*** INPUT MATERIAL ***
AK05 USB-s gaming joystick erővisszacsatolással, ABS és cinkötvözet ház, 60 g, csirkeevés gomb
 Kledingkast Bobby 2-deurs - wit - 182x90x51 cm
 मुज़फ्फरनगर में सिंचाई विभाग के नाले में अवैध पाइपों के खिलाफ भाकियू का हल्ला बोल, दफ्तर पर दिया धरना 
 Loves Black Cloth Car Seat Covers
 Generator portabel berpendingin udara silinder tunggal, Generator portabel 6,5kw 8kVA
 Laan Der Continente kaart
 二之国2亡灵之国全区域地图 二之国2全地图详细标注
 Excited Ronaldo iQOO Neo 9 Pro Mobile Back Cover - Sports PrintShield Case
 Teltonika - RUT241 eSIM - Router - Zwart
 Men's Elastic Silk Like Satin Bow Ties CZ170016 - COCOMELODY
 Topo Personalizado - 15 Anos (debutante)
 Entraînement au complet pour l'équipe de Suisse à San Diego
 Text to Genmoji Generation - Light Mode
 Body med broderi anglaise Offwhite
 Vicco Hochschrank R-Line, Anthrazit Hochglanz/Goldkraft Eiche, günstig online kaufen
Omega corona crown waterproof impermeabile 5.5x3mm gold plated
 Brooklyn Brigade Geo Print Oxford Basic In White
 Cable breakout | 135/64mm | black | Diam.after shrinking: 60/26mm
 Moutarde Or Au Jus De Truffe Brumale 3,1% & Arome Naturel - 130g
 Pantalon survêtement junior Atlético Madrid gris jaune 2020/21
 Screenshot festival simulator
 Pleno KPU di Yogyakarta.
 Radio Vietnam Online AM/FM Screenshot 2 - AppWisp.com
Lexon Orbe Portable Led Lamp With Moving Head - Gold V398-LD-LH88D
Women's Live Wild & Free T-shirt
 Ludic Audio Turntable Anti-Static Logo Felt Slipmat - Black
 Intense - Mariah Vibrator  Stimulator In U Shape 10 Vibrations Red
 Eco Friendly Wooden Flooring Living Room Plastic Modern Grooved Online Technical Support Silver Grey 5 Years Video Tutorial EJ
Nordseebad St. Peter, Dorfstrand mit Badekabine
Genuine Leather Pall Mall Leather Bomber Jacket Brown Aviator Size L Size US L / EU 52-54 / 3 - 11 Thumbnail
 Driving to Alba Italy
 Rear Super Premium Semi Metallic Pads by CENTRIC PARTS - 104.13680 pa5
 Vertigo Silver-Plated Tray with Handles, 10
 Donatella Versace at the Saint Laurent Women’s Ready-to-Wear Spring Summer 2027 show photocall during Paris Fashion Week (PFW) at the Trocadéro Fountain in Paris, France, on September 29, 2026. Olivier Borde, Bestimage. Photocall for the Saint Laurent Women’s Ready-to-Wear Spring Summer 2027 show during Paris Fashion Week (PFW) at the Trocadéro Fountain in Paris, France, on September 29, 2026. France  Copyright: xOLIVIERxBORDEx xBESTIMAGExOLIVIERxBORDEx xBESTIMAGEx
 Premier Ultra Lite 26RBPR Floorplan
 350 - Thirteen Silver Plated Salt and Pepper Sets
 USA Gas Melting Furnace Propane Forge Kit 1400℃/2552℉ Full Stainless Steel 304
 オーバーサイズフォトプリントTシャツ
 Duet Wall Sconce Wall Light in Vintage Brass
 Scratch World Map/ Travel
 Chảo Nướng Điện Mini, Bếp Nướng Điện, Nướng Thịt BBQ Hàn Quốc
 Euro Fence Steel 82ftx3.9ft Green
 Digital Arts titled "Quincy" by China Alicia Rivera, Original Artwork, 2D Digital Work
*** End of INPUT MATERIAL ***
TRY IT ::
Reproduce every record, matching each line exactly.

EXERCISE OUTPUT ::
AK05 USB-s gaming joystick erővisszacsatolással, ABS és cinkötvözet ház, 60 g, csirkeevés gomb
 Kledingkast Bobby 2-deurs - wit - 182x90x51 cm
 मुज़फ्फरनगर में सिंचाई विभाग के नाले में अवैध पाइपों के खिलाफ भाकियू का हल्ला बोल, दफ्तर पर दिया धरना 
 Loves Black Cloth Car Seat Covers
 Generator portabel berpendingin udara silinder tunggal, Generator portabel 6,5kw 8kVA
 Laan Der Continente kaart
 二之国2亡灵之国全区域地图 二之国2全地图详细标注
 Excited Ronaldo iQOO Neo 9 Pro Mobile Back Cover - Sports PrintShield Case
 Teltonika - RUT241 eSIM - Router - Zwart
 Men's Elastic Silk Like Satin Bow Ties CZ170016 - COCOMELODY
 Topo Personalizado - 15 Anos (debutante)
 Entraînement au complet pour l'équipe de Suisse à San Diego
 Text to Genmoji Generation - Light Mode
 Body med broderi anglaise Offwhite
 Vicco Hochschrank R-Line, Anthrazit Hochglanz/Goldkraft Eiche, günstig online kaufen
Omega corona crown waterproof impermeabile 5.5x3mm gold plated
 Brooklyn Brigade Geo Print Oxford Basic In White
 Cable breakout | 135/64mm | black | Diam.after shrinking: 60/26mm
 Moutarde Or Au Jus De Truffe Brumale 3,1% & Arome Naturel - 130g
 Pantalon survêtement junior Atlético Madrid gris jaune 2020/21
 Screenshot festival simulator
 Pleno KPU di Yogyakarta.
 Radio Vietnam Online AM/FM Screenshot 2 - AppWisp.com
Lexon Orbe Portable Led Lamp With Moving Head - Gold V398-LD-LH88D
Women's Live Wild & Free T-shirt
 Ludic Audio Turntable Anti-Static Logo Felt Slipmat - Black
 Intense - Mariah Vibrator  Stimulator In U Shape 10 Vibrations Red
 Eco Friendly Wooden Flooring Living Room Plastic Modern Grooved Online Technical Support Silver Grey 5 Years Video Tutorial EJ
Nordseebad St. Peter, Dorfstrand mit Badekabine
Genuine Leather Pall Mall Leather Bomber Jacket Brown Aviator Size L Size US L / EU 52-54 / 3 - 11 Thumbnail
 Driving to Alba Italy
 Rear Super Premium Semi Metallic Pads by CENTRIC PARTS - 104.13680 pa5
 Vertigo Silver-Plated Tray with Handles, 10
 Donatella Versace at the Saint Laurent Women’s Ready-to-Wear Spring Summer 2027 show photocall during Paris Fashion Week (PFW) at the Trocadéro Fountain in Paris, France, on September 29, 2026. Olivier Borde, Bestimage. Photocall for the Saint Laurent Women’s Ready-to-Wear Spring Summer 2027 show during Paris Fashion Week (PFW) at the Trocadéro Fountain in Paris, France, on September 29, 2026. France  Copyright: xOLIVIERxBORDEx xBESTIMAGExOLIVIERxBORDEx xBESTIMAGEx
 Premier Ultra Lite 26RBPR Floorplan
 350 - Thirteen Silver Plated Salt and Pepper Sets
 USA Gas Melting Furnace Propane Forge Kit 1400℃/2552℉ Full Stainless Steel 304
 オーバーサイズフォトプリントTシャツ
 Duet Wall Sconce Wall Light in Vintage Brass
 Scratch World Map/ Travel
 Chảo Nướng Điện Mini, Bếp Nướng Điện, Nướng Thịt BBQ Hàn Quốc
 Euro Fence Steel 82ftx3.9ft Green
 Digital Arts titled "Quincy" by China Alicia Rivera, Original Artwork, 2D Digital Work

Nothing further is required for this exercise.